Published on November 6th, 2014 | by Thompson0
Paul Molitor: Spanish-speaking players expected to learn English
I have just two problems with answers new Minnesota Twins manager Paul Molitor gave in response to fan questions in a recent interview. First, he said he’d like his nickname to be spelled ‘Mollie,” citing that it looks more masculine, but I suggested his nickname be Paulie, as in a guy named Paul from St. Paul and the big sign in center field featuring a guy from St. Paul named Paulie. It’s common sense people.
My other issue is with his answer to a question from Andrew Pint about developing Spanish-speaking prospects. Molitor said, referring to he and Terry Ryan, “We feel it’s on the players who come here from various parts of the world, particularly Spanish-speaking players to learn our language.” This is simply an insanely outdated concept.

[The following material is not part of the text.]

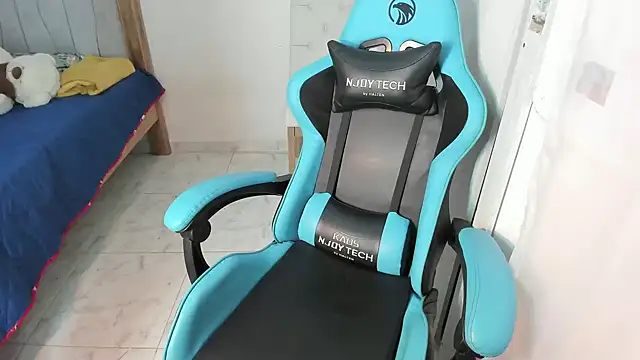 Lunastar02 online show from 03-16-25, 01:27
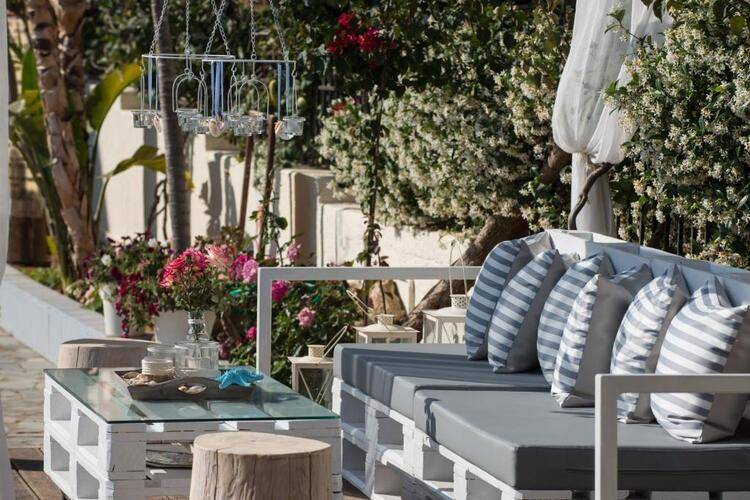 Kristalli Hotel Apartments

The fact that Tsuyoshi Niskioka, which I can still spell correctly despite not having to do so for nearly three years, was never expected to learn English and was allowed a translator in the dugout, is ass-backwards.

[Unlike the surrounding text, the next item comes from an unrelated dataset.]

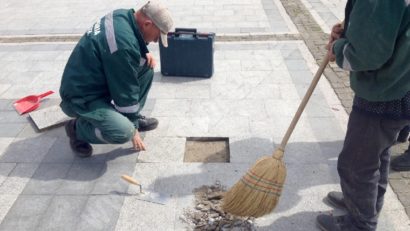 [FOTO] Centrul civic din Reşiţa intră din nou în reparaţii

It should be on the organization to correctly develop their talent, not on the talent to do it all themselves. These young kids have enough on their minds trying to make a big league ballclub to have to learn English as well. I just watched the ESPN’s “30 for 30” film Brothers in Exile, featuring the stories of Livan and Orlando “El Duque” Hernandez, who had great Major League careers despite having never learned English because they had bilingual coaches in the minor leagues (Livan) and bilingual players in the majors (Orlando) to help them adapt. Hell, El Duque’s catcher, Jorge Posada, served as his translator in interviews.

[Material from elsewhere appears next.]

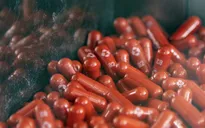 Mỹ phê duyệt thuốc Molnupiravir điều trị COVID-19 tại nhà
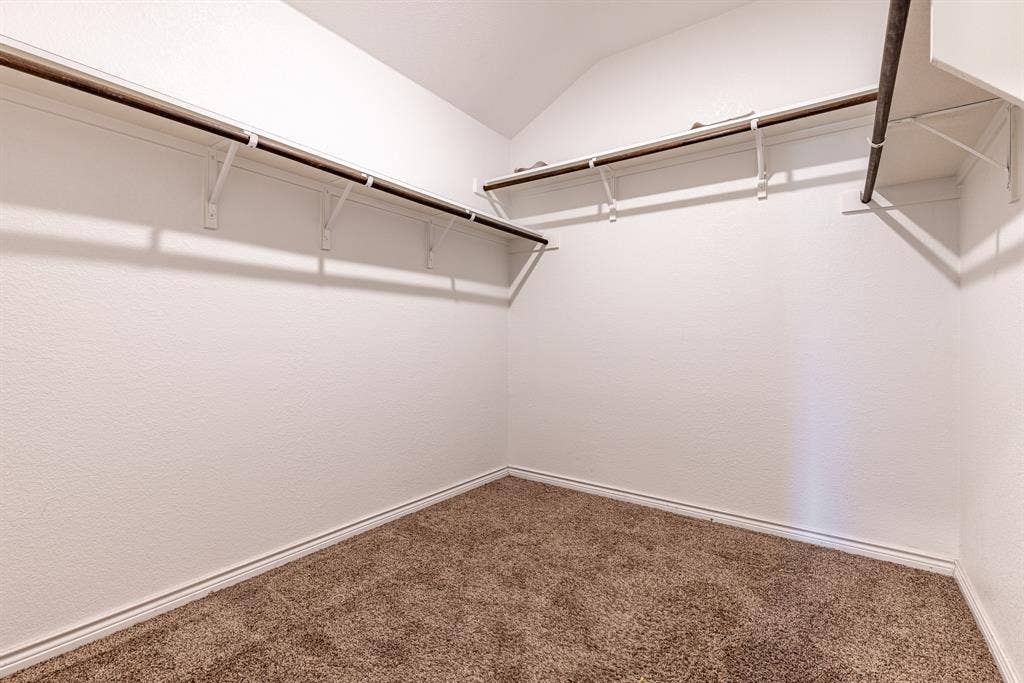 4013 Spur Trail Drive, Denton, TX 76208 4013 Spur Trail Drive, Denton, TX 76208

Spanish is the second-most popular language in the world with 110 million more native speakers than English. If Ryan and Molitor blow an opportunity to bring in a Spanish-speaking coach, even an assistant coach, because of their outdated beliefs, the organization will suffer for it. I’ve pitched plenty of options, including Julio Franco as an assistant hitting coach and strength and conditioning coach. Franco would jump at the opportunity to coach in the bigs based on what I’ve read, and I think he has valuable experience despite limited time as a coach. The guy was basically a player/coach for a decade while still playing professionally.
Don’t blow this opportunity, Paulie. Adapt, like you expect the Spanish-speaking kids to.